Dear Dask developers, I am one of the core developers of a library for representing and manipulating spatial molecular data in Python: GitHub - scverse/spatialdata: An open and universal framework for processing spatial omics data which depends on Dask. I would like to discuss the best practices to safely overwrite lazy-loaded data using Dask. In particular I would like to know if a recommended workflow and/or implementation already exists, and if not, I would kindly ask for feedback on our planned implementation.
Our problem
In the library we use Dask to lazily read Zarr and Parquet datasets, and we respectively represent them in-memory using Dask-based Xarray objects and Dask dataframes. We want to provide the user of a function write()
with a parameter overwrite=True
that allows the user to eventually replace the disk storage of any object that appears in the computational graph used to lazy-compute the object that needs to be written (I will show an example of this below).
Our requirement is that the function needs to be safe against any kind of data loss by taking into account for the fact that the write()
call may get interrupted (example: running out of disk space or killing the process that is writing).
Looking at the documentation it seems that this functionality is not currently provided (to_parquet()

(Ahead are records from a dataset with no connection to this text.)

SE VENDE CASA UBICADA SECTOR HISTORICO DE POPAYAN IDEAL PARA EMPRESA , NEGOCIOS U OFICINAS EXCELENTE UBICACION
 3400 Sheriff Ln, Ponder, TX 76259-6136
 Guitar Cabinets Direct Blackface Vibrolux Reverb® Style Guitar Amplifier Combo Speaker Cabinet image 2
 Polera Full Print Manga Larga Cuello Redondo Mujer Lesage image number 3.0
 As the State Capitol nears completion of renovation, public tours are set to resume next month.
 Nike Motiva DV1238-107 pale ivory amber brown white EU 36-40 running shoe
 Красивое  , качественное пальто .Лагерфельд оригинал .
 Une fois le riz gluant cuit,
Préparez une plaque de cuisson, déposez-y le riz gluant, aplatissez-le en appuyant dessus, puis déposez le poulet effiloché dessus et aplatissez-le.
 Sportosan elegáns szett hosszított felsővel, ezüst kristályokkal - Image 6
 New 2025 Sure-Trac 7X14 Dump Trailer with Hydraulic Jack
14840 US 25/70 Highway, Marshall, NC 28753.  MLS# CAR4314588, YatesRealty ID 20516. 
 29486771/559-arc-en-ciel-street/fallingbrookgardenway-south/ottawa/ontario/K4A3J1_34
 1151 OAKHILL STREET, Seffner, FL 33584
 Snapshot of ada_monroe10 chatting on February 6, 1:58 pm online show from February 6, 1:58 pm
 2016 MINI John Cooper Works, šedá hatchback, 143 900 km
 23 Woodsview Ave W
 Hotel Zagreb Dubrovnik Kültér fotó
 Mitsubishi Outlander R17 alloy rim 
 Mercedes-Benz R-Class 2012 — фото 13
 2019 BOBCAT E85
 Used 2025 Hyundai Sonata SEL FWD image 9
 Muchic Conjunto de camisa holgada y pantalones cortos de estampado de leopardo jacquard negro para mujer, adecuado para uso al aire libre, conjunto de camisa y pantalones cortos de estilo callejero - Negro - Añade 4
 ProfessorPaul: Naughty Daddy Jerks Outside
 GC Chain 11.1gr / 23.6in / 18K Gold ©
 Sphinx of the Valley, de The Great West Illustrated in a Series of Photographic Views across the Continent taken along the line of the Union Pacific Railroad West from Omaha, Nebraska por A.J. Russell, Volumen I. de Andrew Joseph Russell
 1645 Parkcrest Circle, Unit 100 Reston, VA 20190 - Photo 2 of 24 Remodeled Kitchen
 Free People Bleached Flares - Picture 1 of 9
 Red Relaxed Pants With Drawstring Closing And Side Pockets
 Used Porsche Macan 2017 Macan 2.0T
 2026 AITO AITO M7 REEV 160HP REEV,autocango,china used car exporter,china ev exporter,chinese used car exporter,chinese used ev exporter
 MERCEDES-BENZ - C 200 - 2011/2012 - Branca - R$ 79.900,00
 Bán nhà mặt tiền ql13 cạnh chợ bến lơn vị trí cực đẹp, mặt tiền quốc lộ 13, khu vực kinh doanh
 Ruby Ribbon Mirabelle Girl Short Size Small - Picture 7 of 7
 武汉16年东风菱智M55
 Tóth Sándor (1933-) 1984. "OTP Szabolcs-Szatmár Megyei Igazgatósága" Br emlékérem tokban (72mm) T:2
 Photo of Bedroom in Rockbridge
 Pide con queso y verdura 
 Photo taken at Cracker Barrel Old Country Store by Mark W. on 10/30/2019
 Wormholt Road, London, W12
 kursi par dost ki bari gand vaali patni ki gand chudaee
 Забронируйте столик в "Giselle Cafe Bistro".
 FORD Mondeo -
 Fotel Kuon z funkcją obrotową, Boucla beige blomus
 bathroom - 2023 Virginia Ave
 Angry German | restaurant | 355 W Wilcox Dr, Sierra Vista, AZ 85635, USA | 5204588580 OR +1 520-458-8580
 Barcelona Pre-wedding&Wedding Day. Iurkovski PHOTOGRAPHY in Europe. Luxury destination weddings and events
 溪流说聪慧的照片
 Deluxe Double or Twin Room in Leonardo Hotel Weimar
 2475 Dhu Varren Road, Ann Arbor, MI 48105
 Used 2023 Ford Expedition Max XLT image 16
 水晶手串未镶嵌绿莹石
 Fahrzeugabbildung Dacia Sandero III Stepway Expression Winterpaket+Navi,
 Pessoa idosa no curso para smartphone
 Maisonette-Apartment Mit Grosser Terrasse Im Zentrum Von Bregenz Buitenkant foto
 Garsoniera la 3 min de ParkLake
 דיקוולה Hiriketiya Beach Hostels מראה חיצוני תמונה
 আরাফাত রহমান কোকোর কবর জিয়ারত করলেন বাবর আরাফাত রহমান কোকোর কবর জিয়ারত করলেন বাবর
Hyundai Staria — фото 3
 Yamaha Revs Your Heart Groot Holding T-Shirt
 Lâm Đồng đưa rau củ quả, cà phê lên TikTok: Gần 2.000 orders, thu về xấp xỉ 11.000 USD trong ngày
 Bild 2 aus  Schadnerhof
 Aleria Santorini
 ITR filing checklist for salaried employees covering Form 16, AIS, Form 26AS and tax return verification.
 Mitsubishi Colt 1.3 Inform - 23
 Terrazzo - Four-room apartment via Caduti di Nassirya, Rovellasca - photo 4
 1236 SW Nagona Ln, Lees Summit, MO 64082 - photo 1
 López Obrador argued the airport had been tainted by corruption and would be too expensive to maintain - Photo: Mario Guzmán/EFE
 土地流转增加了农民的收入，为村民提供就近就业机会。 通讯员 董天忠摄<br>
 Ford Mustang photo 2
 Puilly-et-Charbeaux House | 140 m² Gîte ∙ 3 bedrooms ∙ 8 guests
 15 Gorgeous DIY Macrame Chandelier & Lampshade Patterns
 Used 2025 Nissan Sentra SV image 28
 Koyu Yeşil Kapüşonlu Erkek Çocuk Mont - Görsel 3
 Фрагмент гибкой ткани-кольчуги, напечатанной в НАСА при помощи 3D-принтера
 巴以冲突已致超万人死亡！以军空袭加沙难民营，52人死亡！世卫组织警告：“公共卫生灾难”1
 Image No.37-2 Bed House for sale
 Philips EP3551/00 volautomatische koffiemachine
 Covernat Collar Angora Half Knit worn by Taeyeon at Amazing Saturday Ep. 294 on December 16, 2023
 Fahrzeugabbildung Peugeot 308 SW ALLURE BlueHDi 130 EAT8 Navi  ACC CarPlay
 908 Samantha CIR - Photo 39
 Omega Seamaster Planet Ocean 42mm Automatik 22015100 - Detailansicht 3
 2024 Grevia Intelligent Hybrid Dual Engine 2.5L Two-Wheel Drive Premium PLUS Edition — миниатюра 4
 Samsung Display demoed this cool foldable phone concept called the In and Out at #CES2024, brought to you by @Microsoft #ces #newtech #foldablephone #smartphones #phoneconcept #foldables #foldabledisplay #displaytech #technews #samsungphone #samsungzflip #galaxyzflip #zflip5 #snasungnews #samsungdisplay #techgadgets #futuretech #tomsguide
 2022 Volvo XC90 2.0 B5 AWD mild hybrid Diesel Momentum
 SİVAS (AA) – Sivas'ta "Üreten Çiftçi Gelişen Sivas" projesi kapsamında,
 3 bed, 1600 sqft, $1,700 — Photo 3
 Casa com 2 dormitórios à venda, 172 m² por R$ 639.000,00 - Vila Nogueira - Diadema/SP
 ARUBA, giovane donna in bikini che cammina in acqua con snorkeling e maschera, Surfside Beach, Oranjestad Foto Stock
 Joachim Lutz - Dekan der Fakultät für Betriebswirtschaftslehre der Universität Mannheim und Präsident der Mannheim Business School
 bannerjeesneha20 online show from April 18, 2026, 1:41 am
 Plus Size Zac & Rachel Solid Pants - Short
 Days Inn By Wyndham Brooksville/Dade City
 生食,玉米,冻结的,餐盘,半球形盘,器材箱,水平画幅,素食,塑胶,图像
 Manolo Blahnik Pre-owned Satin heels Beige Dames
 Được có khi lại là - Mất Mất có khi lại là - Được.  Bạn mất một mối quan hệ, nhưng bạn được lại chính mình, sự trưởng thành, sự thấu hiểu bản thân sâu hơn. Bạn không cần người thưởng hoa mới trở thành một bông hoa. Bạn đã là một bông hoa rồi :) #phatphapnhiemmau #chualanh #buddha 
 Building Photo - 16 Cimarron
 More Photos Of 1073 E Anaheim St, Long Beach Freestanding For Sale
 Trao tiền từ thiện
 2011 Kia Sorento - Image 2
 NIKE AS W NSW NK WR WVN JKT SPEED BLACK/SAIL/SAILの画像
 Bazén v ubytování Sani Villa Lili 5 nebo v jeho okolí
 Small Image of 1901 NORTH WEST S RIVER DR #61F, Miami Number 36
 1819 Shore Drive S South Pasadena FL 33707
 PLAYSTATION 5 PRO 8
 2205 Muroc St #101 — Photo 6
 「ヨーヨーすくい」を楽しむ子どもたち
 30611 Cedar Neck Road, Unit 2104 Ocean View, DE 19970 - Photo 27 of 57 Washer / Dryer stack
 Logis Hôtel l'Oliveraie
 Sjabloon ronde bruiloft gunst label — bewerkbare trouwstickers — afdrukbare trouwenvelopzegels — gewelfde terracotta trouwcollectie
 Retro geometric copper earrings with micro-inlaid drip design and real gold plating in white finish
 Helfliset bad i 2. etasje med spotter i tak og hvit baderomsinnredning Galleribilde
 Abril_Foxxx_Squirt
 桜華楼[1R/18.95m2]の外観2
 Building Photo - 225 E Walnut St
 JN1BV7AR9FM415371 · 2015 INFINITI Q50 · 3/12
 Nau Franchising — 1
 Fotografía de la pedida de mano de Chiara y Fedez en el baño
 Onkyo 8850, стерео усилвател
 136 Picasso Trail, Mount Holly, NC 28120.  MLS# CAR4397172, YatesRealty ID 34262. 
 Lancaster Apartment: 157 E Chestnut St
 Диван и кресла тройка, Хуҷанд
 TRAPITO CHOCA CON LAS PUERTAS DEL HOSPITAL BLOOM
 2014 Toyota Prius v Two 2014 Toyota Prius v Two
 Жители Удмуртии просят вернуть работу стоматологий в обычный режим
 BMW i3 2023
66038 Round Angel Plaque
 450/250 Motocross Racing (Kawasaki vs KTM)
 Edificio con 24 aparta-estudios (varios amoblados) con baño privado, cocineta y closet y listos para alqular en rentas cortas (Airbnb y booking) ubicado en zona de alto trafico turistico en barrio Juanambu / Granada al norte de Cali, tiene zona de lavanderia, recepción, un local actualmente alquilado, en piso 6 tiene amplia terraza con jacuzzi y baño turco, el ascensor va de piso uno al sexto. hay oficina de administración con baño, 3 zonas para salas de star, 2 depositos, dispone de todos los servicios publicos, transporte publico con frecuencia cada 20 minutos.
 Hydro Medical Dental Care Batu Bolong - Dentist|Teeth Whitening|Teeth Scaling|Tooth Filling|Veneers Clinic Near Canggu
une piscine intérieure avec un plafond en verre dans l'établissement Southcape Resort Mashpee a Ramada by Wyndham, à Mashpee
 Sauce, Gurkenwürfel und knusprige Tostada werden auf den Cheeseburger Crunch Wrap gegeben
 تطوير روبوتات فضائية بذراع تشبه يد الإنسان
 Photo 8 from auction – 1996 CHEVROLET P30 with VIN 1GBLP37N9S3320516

has a parameter overwrite=True
, but the docs say “NOTE: overwrite=True will remove the original data even if the current write operation fails. Use at your own risk.”).
Is there a recommended workflow/implementation that you suggest to perform this operation safely?
If not, below is our proposed design to achieve a safe implementation, under reasonable assumptions.
Our design proposal
Assume that we want to write an object x
to disk. x
depends on y
and z
(say x = f(y, z)
), and both y
and z
are lazy-loaded. We want to write x
to replace y
.
Further requirements.
a) Our process plans to use an intermediate directory that is local and known to the user, let’s call this directory intermediate_storage
. The user is aware of this directory and should never write to this. Still, if something goes wrong the user knows that the data can be found there.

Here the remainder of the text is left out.